Related, though uncommon, sometimes a generic drug manufacturer previously granted final approval for a specific product may be court ordered to cease marketing due to patent infringement. To help ensure there’s a transparent process for how we handle post-approval patent infringement court orders and convert a final approval to a tentative approval, we intend to provide clarity to industry on how we handle this process in the near future.
Under our Drug Competition Action Plan, we will continue to look to provide greater clarity and transparency to generic drug applicants looking to bring their products to market. We intend to publish additional guidances and take other important policy steps to assist generic drug applicants.

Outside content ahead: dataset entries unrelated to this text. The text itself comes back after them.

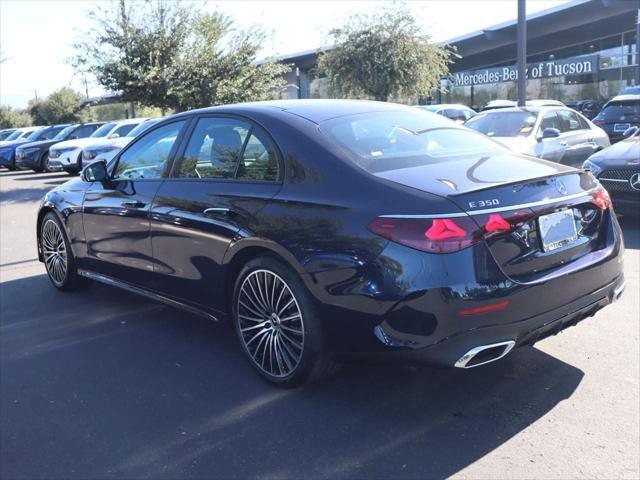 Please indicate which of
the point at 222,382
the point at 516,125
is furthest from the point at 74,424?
the point at 516,125

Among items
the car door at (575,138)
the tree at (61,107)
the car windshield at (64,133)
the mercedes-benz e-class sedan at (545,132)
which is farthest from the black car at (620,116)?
the tree at (61,107)

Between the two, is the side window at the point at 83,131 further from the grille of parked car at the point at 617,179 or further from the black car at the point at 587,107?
the grille of parked car at the point at 617,179

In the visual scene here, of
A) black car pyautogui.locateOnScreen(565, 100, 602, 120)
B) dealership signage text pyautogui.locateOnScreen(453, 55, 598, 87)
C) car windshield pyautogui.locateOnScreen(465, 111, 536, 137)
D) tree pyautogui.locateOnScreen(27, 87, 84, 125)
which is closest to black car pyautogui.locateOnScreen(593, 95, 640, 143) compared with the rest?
car windshield pyautogui.locateOnScreen(465, 111, 536, 137)

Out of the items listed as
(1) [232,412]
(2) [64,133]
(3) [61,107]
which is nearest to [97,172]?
(1) [232,412]

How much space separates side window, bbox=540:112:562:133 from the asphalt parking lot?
641 centimetres

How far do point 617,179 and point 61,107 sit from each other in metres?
49.4

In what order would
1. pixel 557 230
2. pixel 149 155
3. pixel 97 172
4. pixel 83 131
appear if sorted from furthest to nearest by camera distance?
pixel 83 131, pixel 97 172, pixel 149 155, pixel 557 230

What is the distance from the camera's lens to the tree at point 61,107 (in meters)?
50.2

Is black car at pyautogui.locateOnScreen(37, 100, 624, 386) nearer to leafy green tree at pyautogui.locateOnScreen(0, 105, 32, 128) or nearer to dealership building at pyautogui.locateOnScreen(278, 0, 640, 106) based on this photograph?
dealership building at pyautogui.locateOnScreen(278, 0, 640, 106)

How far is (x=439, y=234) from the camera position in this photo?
3.20 metres

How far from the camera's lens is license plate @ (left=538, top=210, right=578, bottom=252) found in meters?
3.49

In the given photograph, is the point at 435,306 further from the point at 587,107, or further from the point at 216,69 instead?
the point at 587,107

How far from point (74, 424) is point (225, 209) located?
151 cm

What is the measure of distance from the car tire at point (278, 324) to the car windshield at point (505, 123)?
792 cm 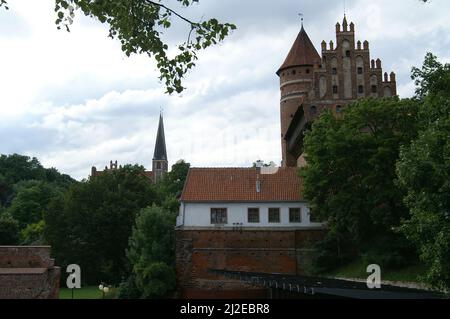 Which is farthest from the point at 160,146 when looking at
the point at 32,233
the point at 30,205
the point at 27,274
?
the point at 27,274

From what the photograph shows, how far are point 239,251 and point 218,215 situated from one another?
253cm

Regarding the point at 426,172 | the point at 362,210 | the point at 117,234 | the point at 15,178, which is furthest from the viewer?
the point at 15,178

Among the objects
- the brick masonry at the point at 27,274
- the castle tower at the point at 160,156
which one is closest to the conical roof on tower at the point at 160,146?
the castle tower at the point at 160,156

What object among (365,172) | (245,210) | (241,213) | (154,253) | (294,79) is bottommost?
(154,253)

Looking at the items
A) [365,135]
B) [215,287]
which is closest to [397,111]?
[365,135]

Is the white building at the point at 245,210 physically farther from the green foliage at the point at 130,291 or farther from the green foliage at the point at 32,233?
the green foliage at the point at 32,233

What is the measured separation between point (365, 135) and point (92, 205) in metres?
27.5

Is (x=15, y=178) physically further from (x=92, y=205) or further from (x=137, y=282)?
(x=137, y=282)

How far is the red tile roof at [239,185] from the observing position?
35.5 m

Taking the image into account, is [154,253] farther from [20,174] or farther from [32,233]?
[20,174]

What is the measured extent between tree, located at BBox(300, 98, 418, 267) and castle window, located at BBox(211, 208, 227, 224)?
7142 millimetres

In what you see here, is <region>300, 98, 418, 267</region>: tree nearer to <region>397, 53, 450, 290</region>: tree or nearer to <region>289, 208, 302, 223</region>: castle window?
<region>289, 208, 302, 223</region>: castle window

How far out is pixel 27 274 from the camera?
19.8m
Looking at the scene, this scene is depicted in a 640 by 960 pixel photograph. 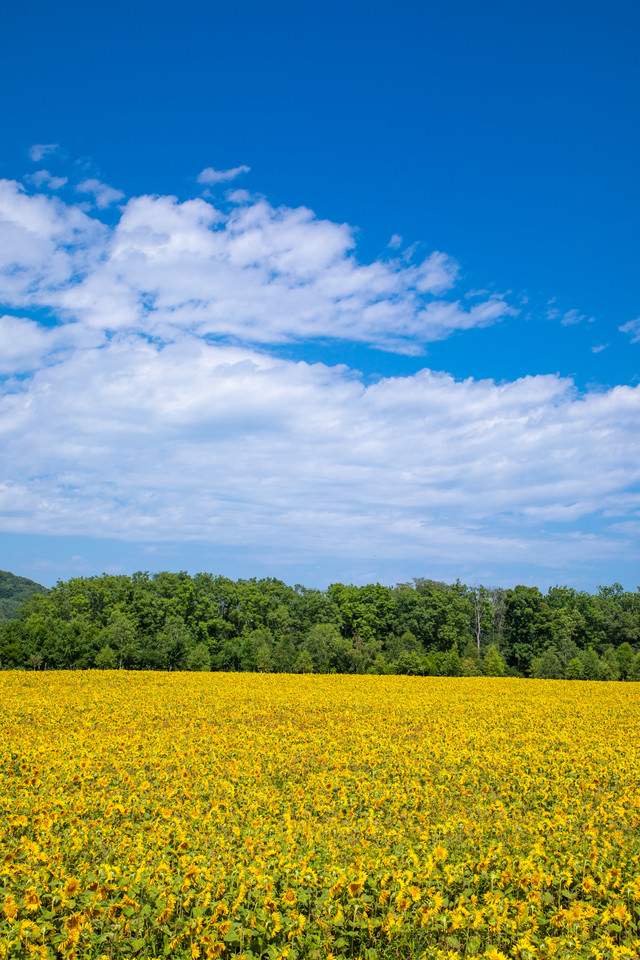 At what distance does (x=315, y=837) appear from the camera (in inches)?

Drug access is a public health concern, and more generic competition could help reduce prices, improve access to needed medicines, and benefit the public health.
The FDA, an agency within the U.S. Department of Health and Human Services, protects the public health by assuring the safety, effectiveness, and security of human and veterinary drugs, vaccines and other biological products for human use, and medical devices. The agency also is responsible for the safety and security of our nation’s food supply, cosmetics, dietary supplements, products that give off electronic radiation, and for regulating tobacco products.